相続人の中に障害者がいる場合の相続税額の計算

2016-02-03

 相続税額の計算では、算出相続税額から、税額控除できる次の6つの特例があります。
 (1) 贈与税額控除、(2) 配偶者控除、(3) 未成年者控除、(4) 障害者控除、(5) 相次相続控除、(6) 外国税額控除
 相続をした人の事情により、相続税額からこれらの6つの税額控除をマイナスして納付税額を抑えることができます。

 一般的によく使われるのは、配偶者控除(配偶者の税額軽減)です。
 配偶者控除とは、配偶者の取得財産の価額が、1億6000万円と配偶者の法定相続分のどちらか高い金額まで非課税となる制度です。

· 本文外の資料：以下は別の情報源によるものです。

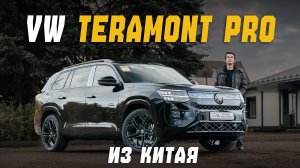 VOLKSWAGEN TERAMONT PRO - VAG, ПОЧЕМУ? Разбираемся какие бывают терамонты в Китае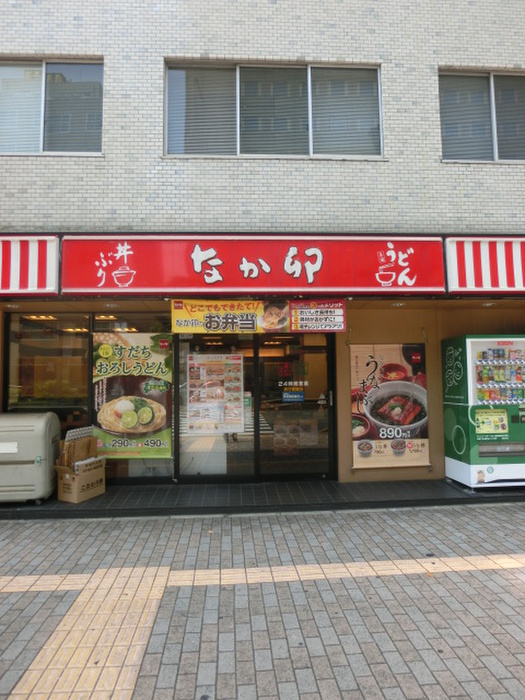 飲食店　なか卯 広島大手町店（飲食店）まで860m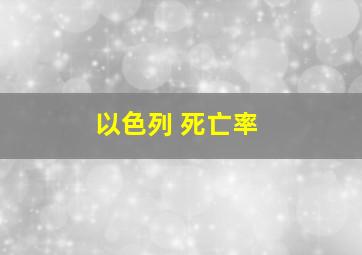 以色列 死亡率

 そして、よくいわれることが、とはいえ次の相続を考えた場合に、配偶者控除の上限まで配偶者の取得財産を持っていくことは、お勧めできないということです。
 つまり、配偶者は被相続人と同世代のため、取得した財産が次の相続の相続財産に含まれることとなる可能性が高く、第1次相続と第2次相続をトータルに考えた場合、却って税額が多くなってしまうというのがその趣旨となります。

 ところで、ここでは、配偶者が障害者の場合の、税額控除の利用について考えてみます。
 障害者控除とは、財産を取得した相続人が85歳未満の障害者のときは、相続税の額から一定の金額を差し引くことができる特例です。

 この特例を受けることができる人は次のすべての要件を満たす人です。

(1) 相続や遺贈で財産を取得した時に日本国内に住所がある人
(2) 相続や遺贈で財産を取得した時に障害者である人
(3) 相続や遺贈で財産を取得した人が法定相続人(相続の放棄があった場合には、その放棄がなかったものとした場合における相続人)であること。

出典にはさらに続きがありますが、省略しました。